In the case of Trojan Horse, for example, this was implicitly recognised in a later review by the Telegraph’s drama critic based, unlike that of Timothy, on a viewing of the play. Presenting the variety of views expressed in the play, Dominic Cavendish (2018) writes: “There are thousands more words besides those. Some of them will sway you in completely different directions—and send you off looking for more information. That’s valuable. As with the best education, we shouldn’t accept spoon-feeding, from whatever source. See it. Judge for yourselves.”

10.

It is significant that when Birmingham City Council initiated an inquiry into the Trojan Horse affair, it called upon not the director of education of another local authority but the chief executive of a multi-academy trust—Ian Kershaw of Northern Education Trust, then made up of around 20 schools equally divided between primary and secondary schools, compared with 437 schools then operating in Birmingham, and based in Newcastle, which has a below average (for England) proportion of ethnic minority pupils compared with Birmingham’s above average proportion. See Holmwood and O’Toole (2017, 170ff.).

11.

Janet Downs (2015), for example, reports for the Local Schools Network that ninety-three “education specialist contractors” were selected by the DfE to support the academies programme, and advise regional school commissioners on sponsorship of underperforming schools to become part of multi-academy trusts.
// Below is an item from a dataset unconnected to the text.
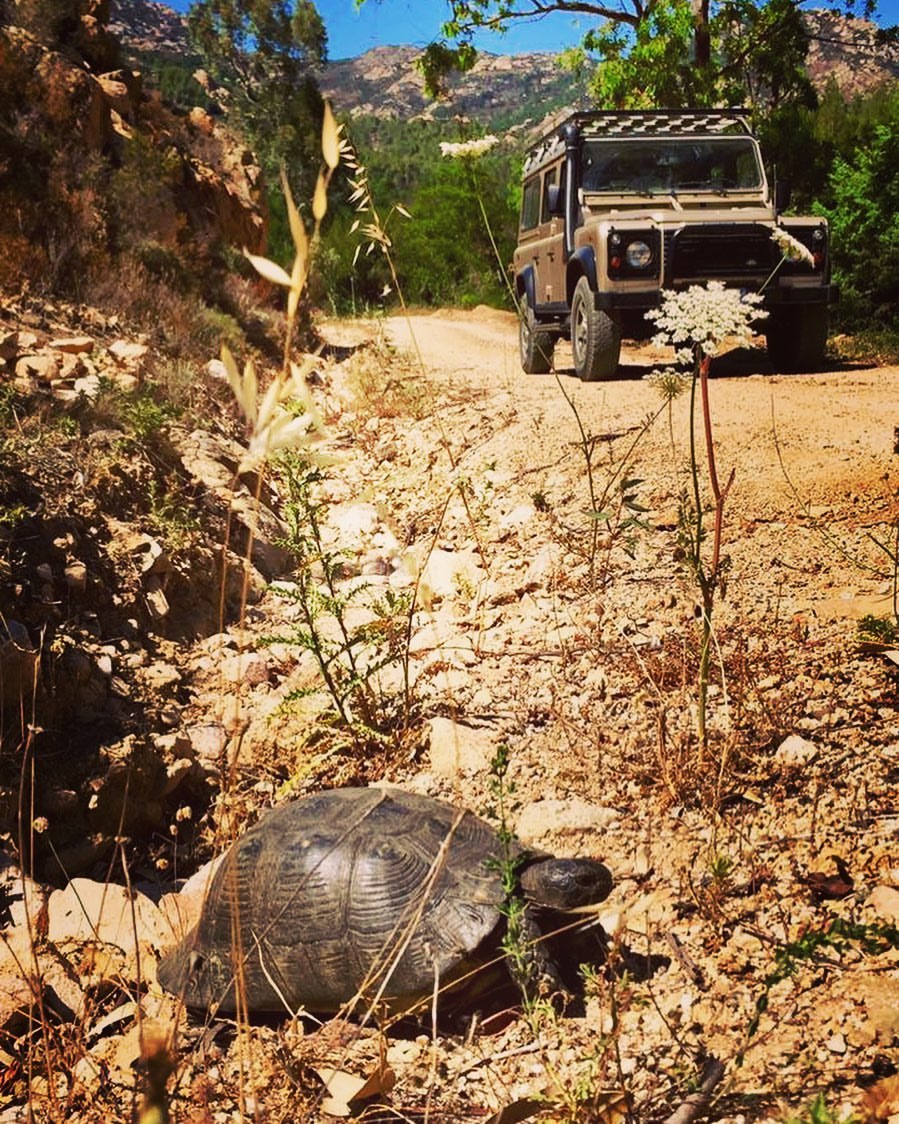 Gita-4X4-San-Teodoro-Sardegna-Sardinia-Exploring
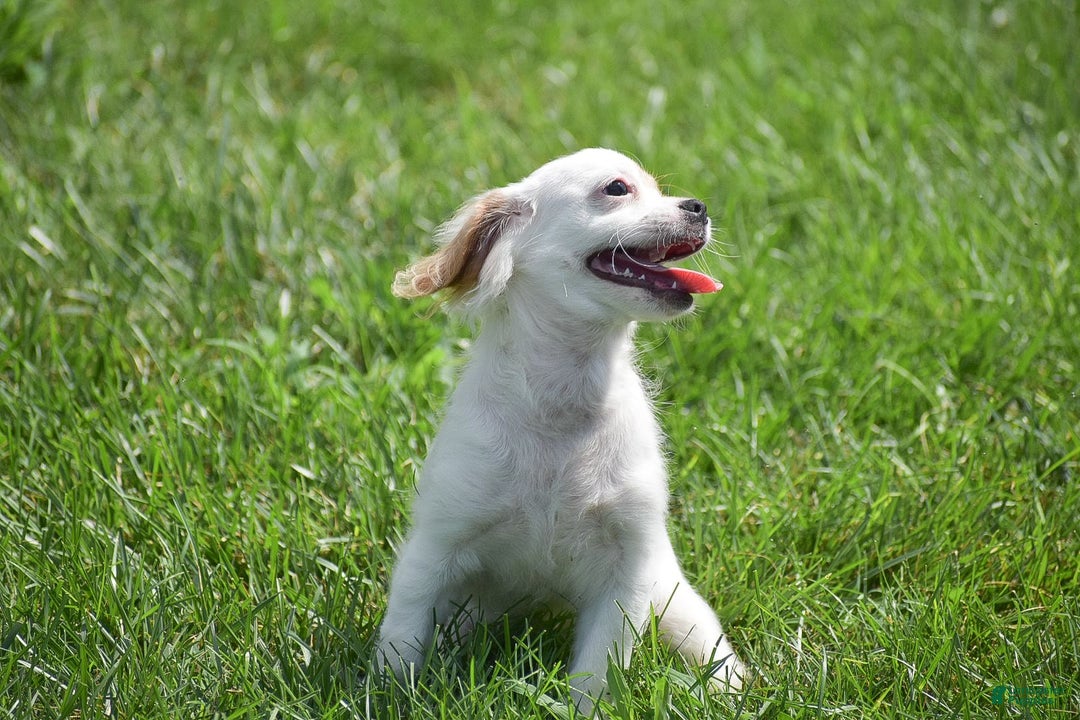 Cavapoo dogs for sale: Mariah - Image 11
Many of these advisers have stakes within existing trusts. It replaced an earlier scheme of “academy brokers,” but nine of the new contractors were former brokers, one of whom represented thirty-seven of the new contractors. Another was Rob Briscoe Associates. The latter was the representative of the DfE in the development of PVET.

12.

Burawoy aligns both professional and policy sociologies with “instrumental knowledge” and critical and public sociologies with “reflexive knowledge.”